Electronic civil disobedience

A group of students at Swarthmore College in Pennsylvania has launched an “electronic civil disobedience” campaign against voting machine maker Diebold Election Systems.

The students are protesting efforts by Diebold to prevent them and other website owners from linking to some 15,000 internal company memos that reveal the company was aware of security flaws in its e-voting software for years but sold the faulty systems to states anyway. The memos were leaked to voting activists and journalists by a hacker who broke into an insecure Diebold FTP server in March.

Diebold has been sending out cease-and-desist letters to force websites and ISPs to take down the memos, which the company says were stolen from its server in violation of copyright law. It has been using the Digital Millennium Copyright Act, or DMCA, to force ISPs to take down sites hosting the memos or sites containing links to the memos.

These memos really need to stay available — the systems that Diebold is pushing are not secure, and are ripe for exploitation and hacking. This is not what we need in our voting process, and Diebold’s repeated attempts to stifle their own shoddy practices needs to be made known.

More information on the memos and the campaign can also be found at Why War?

Sources said…

This is truly a masterful piece of writing — from an article in the Philadelphia Inquirer:

Concerned about the appearance of disarray and feuding within his administration as well as growing resistance to his policies in Iraq, President Bush – living up to his recent declaration that he is in charge – told his top officials to “stop the leaks” to the media, or else.

News of Bush’s order leaked almost immediately.

Bush told his senior aides Tuesday that he “didn’t want to see any stories” quoting unnamed administration officials in the media anymore, and that if he did, there would be consequences, said a senior administration official who asked that his name not be used.

Worthy of The Onion, only from a real newspaper. I love it.

(via Mathew Gross)

Welcome to America — now go home.

The love story of Trevor Hughes and his fiancee began in an elementary school in the Himalayan foothills.

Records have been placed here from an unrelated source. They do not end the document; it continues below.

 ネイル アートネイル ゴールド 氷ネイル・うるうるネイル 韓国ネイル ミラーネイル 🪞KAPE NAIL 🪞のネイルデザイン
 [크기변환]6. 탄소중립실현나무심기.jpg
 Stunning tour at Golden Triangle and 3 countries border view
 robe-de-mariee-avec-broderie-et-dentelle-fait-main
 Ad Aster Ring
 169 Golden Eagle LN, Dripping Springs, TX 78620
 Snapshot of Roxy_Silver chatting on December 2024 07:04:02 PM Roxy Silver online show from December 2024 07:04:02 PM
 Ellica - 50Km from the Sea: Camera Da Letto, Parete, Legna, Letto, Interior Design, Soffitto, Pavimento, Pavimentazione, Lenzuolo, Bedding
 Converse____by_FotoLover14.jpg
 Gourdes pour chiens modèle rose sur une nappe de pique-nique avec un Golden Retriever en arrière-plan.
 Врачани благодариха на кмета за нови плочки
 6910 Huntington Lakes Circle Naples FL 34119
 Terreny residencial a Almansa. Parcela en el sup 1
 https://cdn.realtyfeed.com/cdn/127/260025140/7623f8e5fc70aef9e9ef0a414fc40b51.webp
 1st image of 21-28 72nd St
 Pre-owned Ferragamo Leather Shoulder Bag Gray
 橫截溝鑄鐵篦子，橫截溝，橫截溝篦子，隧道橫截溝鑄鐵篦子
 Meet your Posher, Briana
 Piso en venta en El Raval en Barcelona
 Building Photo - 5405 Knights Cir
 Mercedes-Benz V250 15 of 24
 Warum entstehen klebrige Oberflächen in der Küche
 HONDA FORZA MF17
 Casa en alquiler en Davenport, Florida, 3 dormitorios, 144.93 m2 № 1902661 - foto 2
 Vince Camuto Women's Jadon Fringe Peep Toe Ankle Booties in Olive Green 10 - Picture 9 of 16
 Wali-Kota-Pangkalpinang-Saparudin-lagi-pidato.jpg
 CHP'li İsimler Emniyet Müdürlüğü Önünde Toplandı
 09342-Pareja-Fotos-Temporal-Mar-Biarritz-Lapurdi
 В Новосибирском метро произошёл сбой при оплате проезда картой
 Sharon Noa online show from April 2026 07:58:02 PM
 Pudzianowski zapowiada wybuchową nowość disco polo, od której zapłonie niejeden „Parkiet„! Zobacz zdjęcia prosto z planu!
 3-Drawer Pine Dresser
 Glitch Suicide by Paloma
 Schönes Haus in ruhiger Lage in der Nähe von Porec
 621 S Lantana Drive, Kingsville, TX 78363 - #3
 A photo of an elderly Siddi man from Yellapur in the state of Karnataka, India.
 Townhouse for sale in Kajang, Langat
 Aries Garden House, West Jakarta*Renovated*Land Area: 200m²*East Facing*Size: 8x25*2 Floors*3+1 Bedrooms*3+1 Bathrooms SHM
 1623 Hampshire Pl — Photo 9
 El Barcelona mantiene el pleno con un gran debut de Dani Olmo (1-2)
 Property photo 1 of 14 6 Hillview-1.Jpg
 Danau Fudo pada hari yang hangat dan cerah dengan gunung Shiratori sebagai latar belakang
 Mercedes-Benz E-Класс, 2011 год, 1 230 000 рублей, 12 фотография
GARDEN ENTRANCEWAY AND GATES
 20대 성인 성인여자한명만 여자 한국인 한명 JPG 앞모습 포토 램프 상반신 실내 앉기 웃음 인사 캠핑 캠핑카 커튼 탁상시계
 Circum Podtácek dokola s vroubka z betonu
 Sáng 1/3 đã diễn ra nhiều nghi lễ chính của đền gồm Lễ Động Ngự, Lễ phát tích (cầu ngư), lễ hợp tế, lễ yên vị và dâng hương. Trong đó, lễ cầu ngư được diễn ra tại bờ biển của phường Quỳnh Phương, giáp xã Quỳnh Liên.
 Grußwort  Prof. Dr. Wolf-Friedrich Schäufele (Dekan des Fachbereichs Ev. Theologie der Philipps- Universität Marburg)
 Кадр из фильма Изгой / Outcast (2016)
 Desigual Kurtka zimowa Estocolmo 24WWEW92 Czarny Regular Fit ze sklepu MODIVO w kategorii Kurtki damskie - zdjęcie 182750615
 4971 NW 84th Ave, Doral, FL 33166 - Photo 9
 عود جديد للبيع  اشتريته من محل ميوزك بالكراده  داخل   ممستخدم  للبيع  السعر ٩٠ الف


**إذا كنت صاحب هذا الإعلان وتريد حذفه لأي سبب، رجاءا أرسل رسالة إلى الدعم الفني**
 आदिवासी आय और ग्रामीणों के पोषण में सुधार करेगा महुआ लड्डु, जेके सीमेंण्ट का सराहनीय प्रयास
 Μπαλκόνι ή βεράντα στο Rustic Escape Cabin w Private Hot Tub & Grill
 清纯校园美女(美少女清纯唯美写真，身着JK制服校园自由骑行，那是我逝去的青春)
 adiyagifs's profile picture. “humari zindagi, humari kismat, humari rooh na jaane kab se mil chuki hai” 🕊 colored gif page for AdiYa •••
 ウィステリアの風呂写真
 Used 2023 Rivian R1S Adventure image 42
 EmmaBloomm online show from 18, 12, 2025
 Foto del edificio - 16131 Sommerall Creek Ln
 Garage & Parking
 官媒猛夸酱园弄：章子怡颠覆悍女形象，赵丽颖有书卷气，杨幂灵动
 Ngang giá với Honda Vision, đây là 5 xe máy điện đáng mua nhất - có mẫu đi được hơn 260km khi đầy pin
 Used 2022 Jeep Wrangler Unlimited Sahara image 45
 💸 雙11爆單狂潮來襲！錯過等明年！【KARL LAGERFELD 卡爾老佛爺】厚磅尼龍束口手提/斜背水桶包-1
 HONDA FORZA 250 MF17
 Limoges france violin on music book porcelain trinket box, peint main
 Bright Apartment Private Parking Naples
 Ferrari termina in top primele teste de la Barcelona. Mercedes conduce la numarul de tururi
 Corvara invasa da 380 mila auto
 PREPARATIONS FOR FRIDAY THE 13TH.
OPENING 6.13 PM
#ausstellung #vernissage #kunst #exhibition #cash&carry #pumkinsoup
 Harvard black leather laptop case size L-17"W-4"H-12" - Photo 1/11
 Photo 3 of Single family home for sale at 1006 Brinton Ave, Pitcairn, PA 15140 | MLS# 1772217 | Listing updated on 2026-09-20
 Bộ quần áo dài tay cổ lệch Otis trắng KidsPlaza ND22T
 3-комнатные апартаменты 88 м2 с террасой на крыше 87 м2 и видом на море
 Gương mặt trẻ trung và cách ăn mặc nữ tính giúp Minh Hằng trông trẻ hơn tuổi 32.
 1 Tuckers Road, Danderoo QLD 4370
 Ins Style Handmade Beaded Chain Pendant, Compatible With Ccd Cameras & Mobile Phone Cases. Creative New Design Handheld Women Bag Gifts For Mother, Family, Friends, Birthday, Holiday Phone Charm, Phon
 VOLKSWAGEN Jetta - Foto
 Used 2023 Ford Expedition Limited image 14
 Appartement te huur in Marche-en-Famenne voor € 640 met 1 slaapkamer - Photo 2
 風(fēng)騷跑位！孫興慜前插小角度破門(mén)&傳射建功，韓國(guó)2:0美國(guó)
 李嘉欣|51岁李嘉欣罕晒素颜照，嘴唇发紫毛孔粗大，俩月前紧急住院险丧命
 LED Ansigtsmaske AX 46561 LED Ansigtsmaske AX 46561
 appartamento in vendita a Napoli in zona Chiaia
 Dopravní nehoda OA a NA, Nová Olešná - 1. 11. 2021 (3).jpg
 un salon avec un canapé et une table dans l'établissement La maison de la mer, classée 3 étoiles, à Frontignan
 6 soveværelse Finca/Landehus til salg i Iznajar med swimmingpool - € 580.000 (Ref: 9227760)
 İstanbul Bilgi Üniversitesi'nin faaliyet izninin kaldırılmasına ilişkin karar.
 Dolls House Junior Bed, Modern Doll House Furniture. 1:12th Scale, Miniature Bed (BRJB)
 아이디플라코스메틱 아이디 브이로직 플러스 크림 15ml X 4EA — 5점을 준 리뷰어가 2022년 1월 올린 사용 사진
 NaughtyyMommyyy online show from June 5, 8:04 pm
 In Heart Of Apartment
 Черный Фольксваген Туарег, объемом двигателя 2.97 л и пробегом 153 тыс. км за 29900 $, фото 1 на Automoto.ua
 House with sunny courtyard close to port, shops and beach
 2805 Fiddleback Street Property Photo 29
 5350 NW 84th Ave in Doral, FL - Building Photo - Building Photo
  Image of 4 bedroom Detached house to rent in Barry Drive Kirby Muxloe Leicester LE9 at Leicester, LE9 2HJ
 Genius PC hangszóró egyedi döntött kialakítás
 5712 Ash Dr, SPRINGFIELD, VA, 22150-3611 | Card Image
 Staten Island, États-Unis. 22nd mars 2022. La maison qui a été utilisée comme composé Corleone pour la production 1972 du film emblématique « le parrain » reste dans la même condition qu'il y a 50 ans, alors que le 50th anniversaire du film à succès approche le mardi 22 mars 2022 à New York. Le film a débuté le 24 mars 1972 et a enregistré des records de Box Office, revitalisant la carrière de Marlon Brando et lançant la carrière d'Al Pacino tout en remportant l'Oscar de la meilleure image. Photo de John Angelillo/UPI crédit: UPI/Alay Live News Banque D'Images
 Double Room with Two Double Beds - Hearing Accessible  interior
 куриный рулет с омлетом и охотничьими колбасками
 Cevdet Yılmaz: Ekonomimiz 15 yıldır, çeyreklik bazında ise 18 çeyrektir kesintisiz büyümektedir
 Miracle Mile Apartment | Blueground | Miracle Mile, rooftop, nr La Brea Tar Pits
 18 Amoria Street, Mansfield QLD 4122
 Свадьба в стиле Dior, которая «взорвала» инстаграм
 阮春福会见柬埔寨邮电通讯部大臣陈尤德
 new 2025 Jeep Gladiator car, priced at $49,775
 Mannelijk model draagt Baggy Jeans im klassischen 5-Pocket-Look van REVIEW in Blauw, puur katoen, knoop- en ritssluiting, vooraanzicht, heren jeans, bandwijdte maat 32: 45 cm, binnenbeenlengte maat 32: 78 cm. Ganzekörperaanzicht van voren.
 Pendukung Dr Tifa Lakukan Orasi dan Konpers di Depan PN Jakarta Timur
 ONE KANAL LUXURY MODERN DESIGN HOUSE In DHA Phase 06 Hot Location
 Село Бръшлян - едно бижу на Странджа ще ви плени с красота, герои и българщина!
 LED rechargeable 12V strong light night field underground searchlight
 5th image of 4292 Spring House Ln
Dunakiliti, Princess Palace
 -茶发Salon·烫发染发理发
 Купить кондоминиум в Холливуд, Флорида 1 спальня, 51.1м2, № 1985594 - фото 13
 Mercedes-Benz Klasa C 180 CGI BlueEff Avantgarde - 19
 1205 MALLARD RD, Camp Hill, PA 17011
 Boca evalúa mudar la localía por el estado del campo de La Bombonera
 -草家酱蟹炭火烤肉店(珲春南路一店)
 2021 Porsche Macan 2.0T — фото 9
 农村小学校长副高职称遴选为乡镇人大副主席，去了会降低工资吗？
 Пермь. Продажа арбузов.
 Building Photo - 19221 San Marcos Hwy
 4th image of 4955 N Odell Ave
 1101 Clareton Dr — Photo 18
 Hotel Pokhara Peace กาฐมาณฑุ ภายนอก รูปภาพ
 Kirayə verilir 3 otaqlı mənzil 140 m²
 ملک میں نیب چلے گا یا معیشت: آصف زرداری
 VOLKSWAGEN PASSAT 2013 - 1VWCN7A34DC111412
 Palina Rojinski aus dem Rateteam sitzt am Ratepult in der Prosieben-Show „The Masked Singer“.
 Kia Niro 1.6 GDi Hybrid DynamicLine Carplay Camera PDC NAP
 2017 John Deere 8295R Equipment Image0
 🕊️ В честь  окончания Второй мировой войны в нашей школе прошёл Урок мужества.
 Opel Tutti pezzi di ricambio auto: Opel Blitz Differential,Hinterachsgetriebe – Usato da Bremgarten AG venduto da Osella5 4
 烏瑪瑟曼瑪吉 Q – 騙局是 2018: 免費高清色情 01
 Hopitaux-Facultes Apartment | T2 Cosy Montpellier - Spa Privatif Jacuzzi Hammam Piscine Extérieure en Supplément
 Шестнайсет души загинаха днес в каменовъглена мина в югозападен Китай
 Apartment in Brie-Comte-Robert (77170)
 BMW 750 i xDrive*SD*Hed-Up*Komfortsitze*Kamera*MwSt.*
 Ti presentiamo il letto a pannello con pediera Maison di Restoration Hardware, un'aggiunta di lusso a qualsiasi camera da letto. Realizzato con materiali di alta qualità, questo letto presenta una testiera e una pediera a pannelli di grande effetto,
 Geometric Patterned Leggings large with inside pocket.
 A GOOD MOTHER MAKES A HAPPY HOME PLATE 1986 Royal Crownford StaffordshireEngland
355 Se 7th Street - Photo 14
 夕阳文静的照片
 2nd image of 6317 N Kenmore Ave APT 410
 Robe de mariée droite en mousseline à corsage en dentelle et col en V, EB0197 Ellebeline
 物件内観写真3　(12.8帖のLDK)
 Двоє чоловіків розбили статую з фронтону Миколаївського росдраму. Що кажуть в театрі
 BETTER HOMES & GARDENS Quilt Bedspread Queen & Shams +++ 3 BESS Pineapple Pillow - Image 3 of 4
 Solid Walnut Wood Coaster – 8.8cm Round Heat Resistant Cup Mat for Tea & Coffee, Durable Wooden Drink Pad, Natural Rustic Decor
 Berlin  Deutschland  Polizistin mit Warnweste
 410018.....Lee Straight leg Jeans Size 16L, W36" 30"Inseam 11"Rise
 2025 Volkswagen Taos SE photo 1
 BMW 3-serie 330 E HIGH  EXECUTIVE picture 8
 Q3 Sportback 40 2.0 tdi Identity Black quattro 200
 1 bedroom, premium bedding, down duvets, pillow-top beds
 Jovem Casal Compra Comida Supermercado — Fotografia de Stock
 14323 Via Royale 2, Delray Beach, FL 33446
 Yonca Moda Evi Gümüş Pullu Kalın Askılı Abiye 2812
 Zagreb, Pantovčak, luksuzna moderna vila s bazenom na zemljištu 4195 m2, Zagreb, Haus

They were “global nomads.” He was a diplomat’s son. She the daughter of missionaries. They lived in Asia, attended school together, fell in love and want to get married in June.

But when Hughes’ fiancee, a German national, tried to visit him on a six-month tourist visa Monday, she was detained in Atlanta, handcuffed, jailed–even stripped of her diamond engagement ring.

Then, after 20 hours without food, she was put on a plane and shipped back to Stuttgart.

“This isn’t the America I fought for,” said Hughes, who served in the Navy and U.S. diplomatic corps. “You don’t expect that from a great country like ours.”

Land of the Free?: Turned away at the border

(via Cory Doctorow)

Help Bush flush out the leak!

Our dear Pres. Bush is apparently having some difficulties with the task of narrowing down just who in his staff would have been so underhanded as to leak Valerie Plame’s name and CIA affiliation to the press. However, we can help!

President Bush told the press on Tuesday that he doesn’t “have any idea” whether the senior administration officials who blew a CIA operative’s cover will ever be found. But if he just asked his staff to sign a legally binding affidavit confirming that they weren’t involved, and referred anyone who wouldn’t to the FBI, it’s possible he could flush out the perpetrators in a day. To date, the President hasn’t even discussed this matter with his staff.

We’ve already done the President’s homework for him by writing the affidavit. Now let’s show him how easy it is for innocent people to legally declare their innocence. You can sign the affidavit and send it to the President in under a minute by filling out the form

(via Lane)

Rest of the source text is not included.